(Caption-style text data)
_ _ _ _ _

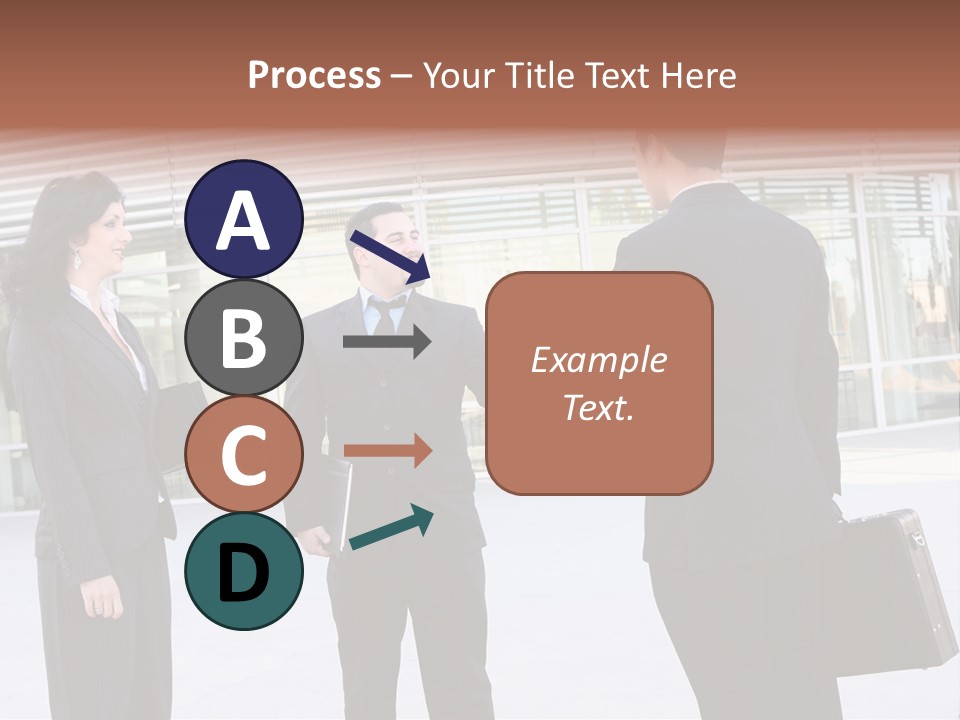An Attractive Business Team Meeting At Office Building PowerPoint Template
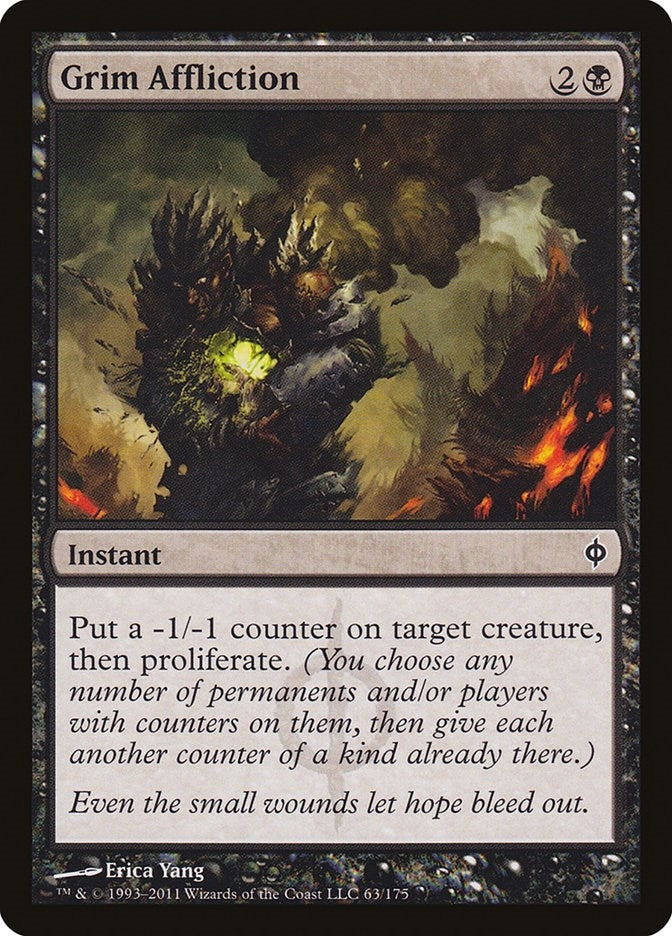 Image for Grim Affliction (63) (New Phyrexia) - Magic: The Gathering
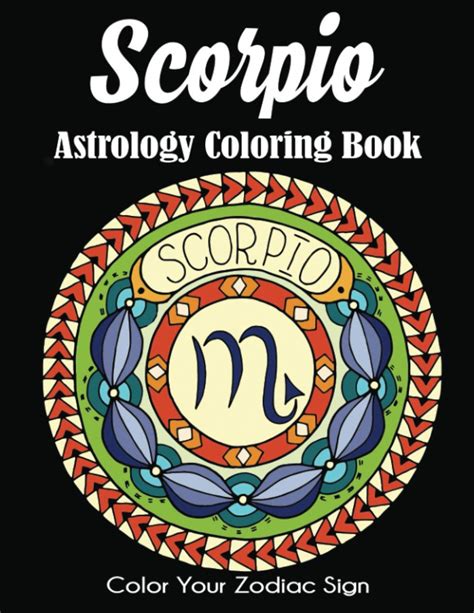 Amazon.com: Scorpio Astrology Coloring Book: Color Your Zodiac Sign ...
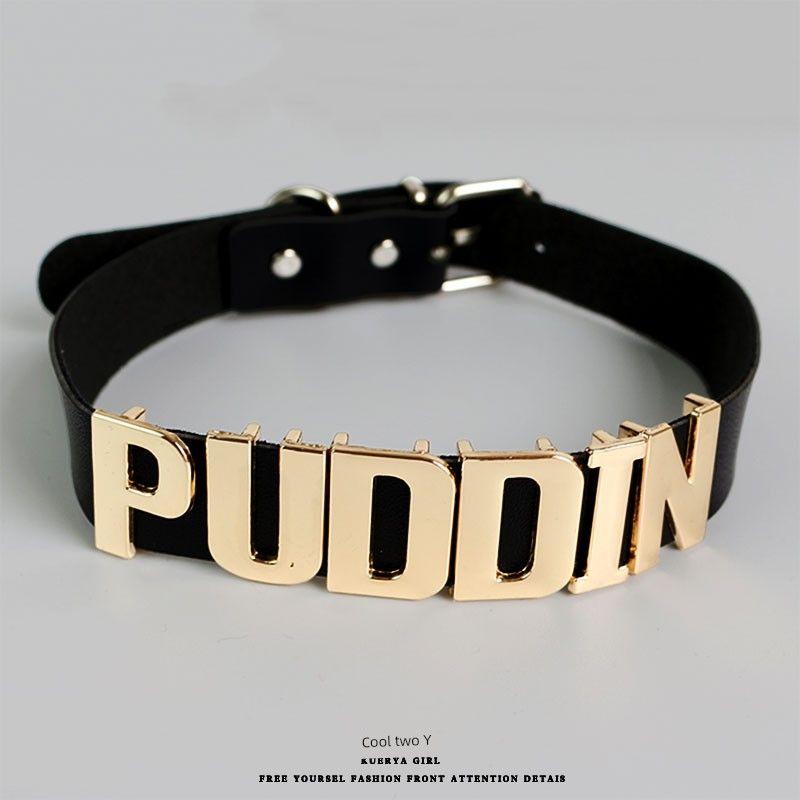 Cool European and American Punk Metal Letter Collar Y2g Millennium Sexy Clavicle Chain Choker Necklace Neck Accessories Tide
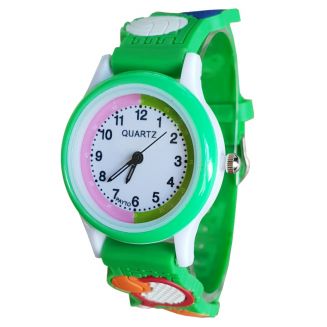 Fako® - Kinderhorloge - 3D - Sport - Groen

_ _ _ _ _

[Task objective]
Extract exactly the lines above from the line containing "Amazon.com: Scorpio Astrology" through the last one, both ends included, but not the pictures.

[Answer section]
 Amazon.com: Scorpio Astrology Coloring Book: Color Your Zodiac Sign ...
 Cool European and American Punk Metal Letter Collar Y2g Millennium Sexy Clavicle Chain Choker Necklace Neck Accessories Tide
 Fako® - Kinderhorloge - 3D - Sport - Groen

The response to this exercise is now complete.